- The Washington Times - Thursday, February 22, 2007

LONDON — Prince Harry, third in line to the British throne, is getting his wish to serve in Iraq.

The Ministry of Defense ended speculation that had been swirling for about a week by announcing yesterday the 22-year-old prince will be sent to Iraq with his Blues and Royals regiment in May or June.

Harry, a second lieutenant, will assume a troop commander’s role.

Prime Minister Tony Blair said Wednesday that British troop deployments will be cut by 1,600 in the coming months and that all bases except for Basra Palace and Basra Air Base will be handed over to Iraqi forces.

The narrowing of the British presence to the two locations in southern Iraq will mean any insurgent groups looking to target Troop Commander Wales — as Harry is known to his colleagues — will not have to look far to find him. That has led to some concern that his presence could bring an extra risk to his fellow soldiers.

He will lead 12 men in four armored reconnaissance vehicles and could become the first royal to see combat since his uncle Prince Andrew served in the Falklands War against Argentina in 1982.

The second son of the late Princess Diana, Harry has been a frequent face on the front of Britain’s tabloid newspapers, which have provided a constant stream of coverage of his party lifestyle at some of London’s liveliest nightspots.

He has also acknowledged drinking before the legal age and smoking marijuana. In January 2006, he issued an apology after being pictured in a newspaper at a costume party dressed as a Nazi, including a swastika armband.

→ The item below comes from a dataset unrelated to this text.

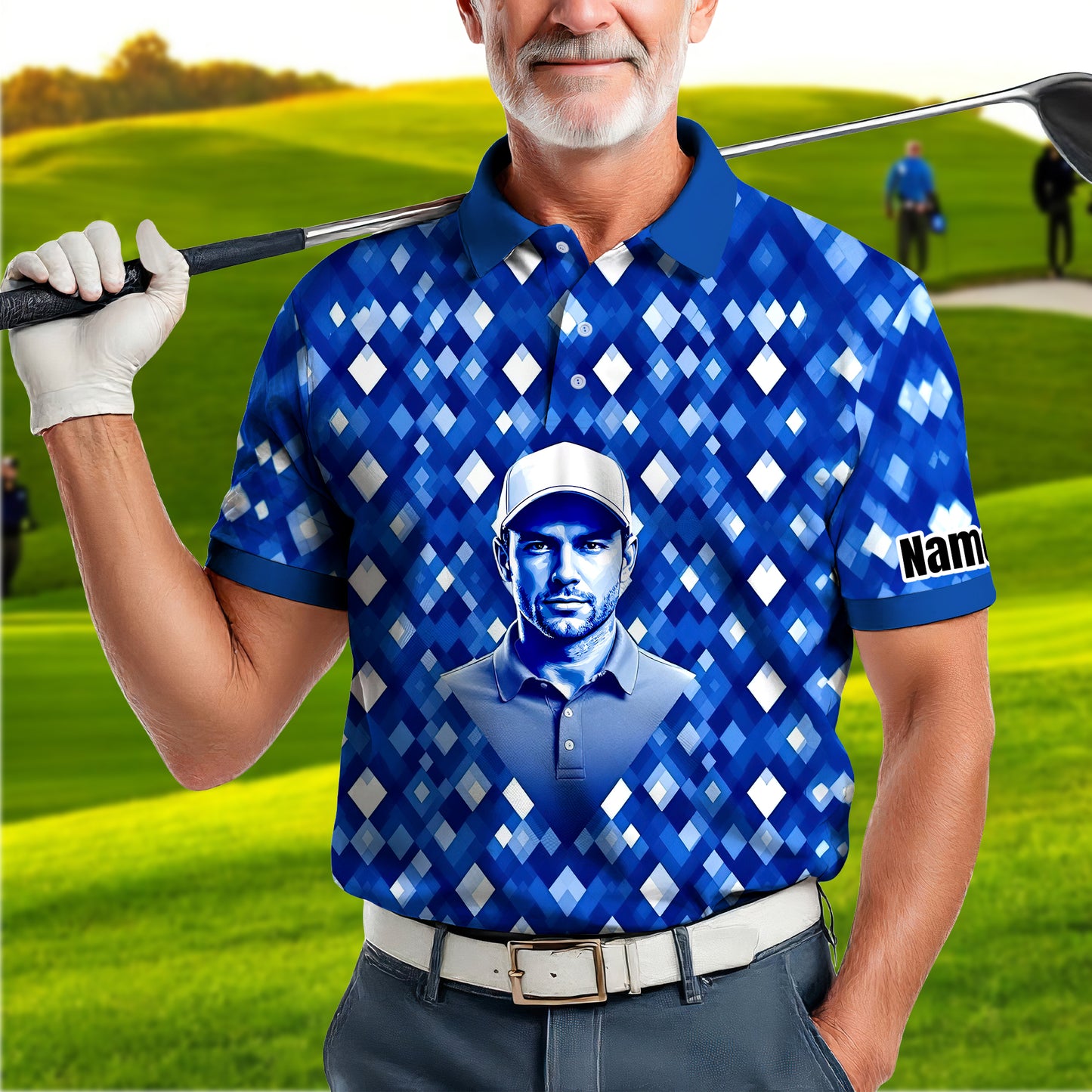 Custom Face Polo Shirt – Geometric Diamond Pattern | Personalized Photo Golf Polo | Unique Gift for Him, Retro Geometric Style Shirt Style 8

But he has been serious about joining “my boys” in Iraq. After graduating from Royal Military Academy at Sandhurst, he insisted on getting the opportunity to serve his country.

“There’s no way I’m going to put myself through Sandhurst and then sit … back home while my boys are out fighting for their country,” he said in an interview to mark his 21st birthday. “That may sound very patriotic, but it’s true.”

The ministry has previously said that Harry could be kept out of situations where his presence could jeopardize his comrades.

In joining the military, Harry followed a royal tradition. His father, Prince Charles, was a pilot with the Royal Air Force and Royal Navy, and a ship commander. Harry’s grandfather, Prince Philip, had a distinguished career in the Royal Navy during World War II.

Prince Andrew was a Royal Navy pilot.